Katz afirma que o ambiente no qual toda mensagem é emitida, transmitida e
interpretada nunca é estático, mas sim contexto-sensitivo. Que trabalha em
correlação com o corpo, no tratamento do fluxo de informações permanente que os
comanda. Afirma ainda que o transito de trocas é tão intenso e frequente que
impede o uso do verbo “ter” e pede pelo verbo “estar”, pois o corpo é um
estado, apenas um estado dessa coleção de informações que vai mudando.
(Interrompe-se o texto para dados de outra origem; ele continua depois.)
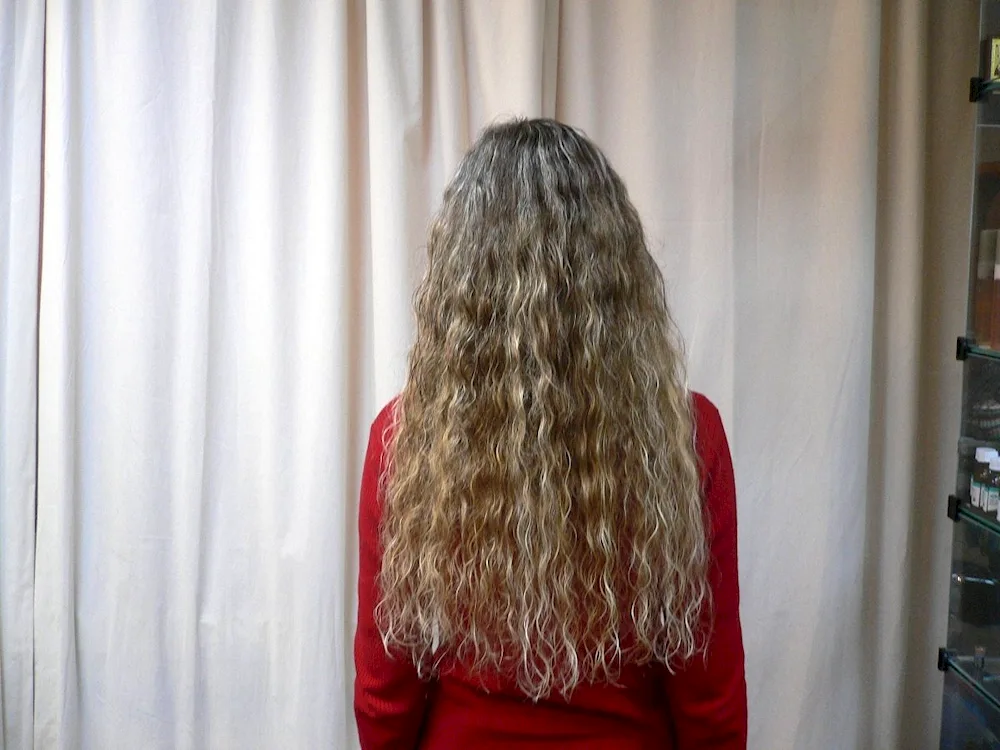 Curly hair extensions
Capturadas pelo nosso processo perceptivo, que as reconstrói com as perdas
habituais com as perdas habituais a qualquer processo de transmissão, as
informações passam a fazer parte do corpo de uma maneira bastante singular: são
transformadas em corpo. Trata-se do processo de embodiment(10): são as interações entre corpo e mundo.(THELEN, Ester).
Se vamos transformando o
mundo em corpo, há que atentar para e zelar pelo que vamos colocando no mundo,
pelas atitudes que tomamos e pelas que não tomamos, uma vez que ambas marcam
uma diferença nas transformações que estão sempre em curso.
A noosfera fala sobre uma
atmosfera de trocas permanentes de informações que se aproximam e se amplificam
por afinidade, reforçando-se e tendendo a borrar as próprias delimitações,
produzindo uma plasticidade de fronteiras não controlável. É um traço
evolutivo.
Katz diz que o homem esta
diretamente implicado naquilo que ele observa, uma vez que a matéria se
transporta no trânsito natureza – cultura – natureza _ cultura..... Não há
melhor lugar para deixar explicito o tipo de relacionamento existente entre natureza e cultura que o
corpo humano.
Nosso corpo é a porta de
entrada do conhecimento. Idéias e emoções estão codificadas como informação nos
memes (Dawkins, 1976) como replicadores
de informação cultural, análogo ao gene. Pensamento e expressão estão
misturados no movimento de um corpo que dança. Uma idéia (genótipo) se
cristaliza no corpo (fenótipo) por fazer dele seu fenótipo estendido.
“Uma
vez que os memes não vêm embrulhados por instruções para sua replicação, devem
depender do padrão do nosso cérebro para fazer isto por eles. Trata-se de um
estado de dependência que favorece o seu potencial proliferativo porque a
máquina do cérebro constrói e continuamente atualiza modelos mentais do mundo
para aumentar a assimilação e a implementação de memes e suas descendências.”
(Gabora, 1997,20)
O meme faz parte da
comunidade interpretativa que o fortalece ou o descarta conforme sucessivos
acordos de sobrevivência. Isso significa que, quando selecionado, seu uso o
torna recorrente, de tal modo que fica favorecido pela coletividade, e se
espalha rapidamente por contaminação. Quanto mais repetido for, mais se
acredita nele e mais aceito fica. A força de proliferação de uma idéia anda
junto com a sua redundância e sua promoção como verdade metafórica. Esta é a
atmosfera da noosfera, a atmosfera onde habitam e se replicam os memes.
Se conceitos estão
fisicamente codificados no cérebro, como memes, e enraizados no corpo como seus
fenótipos estendidos, nossos cérebros e corpos podem mudar _ memes são
evolutivos. Por ser uma caracteristica estética de características singulares
no trato do movimento, a dança pode contribuir no desvendamento dos
modos de ‘manifestar informações no corpo’.
(10) embodiment: incorporação, corporificação, encarnação.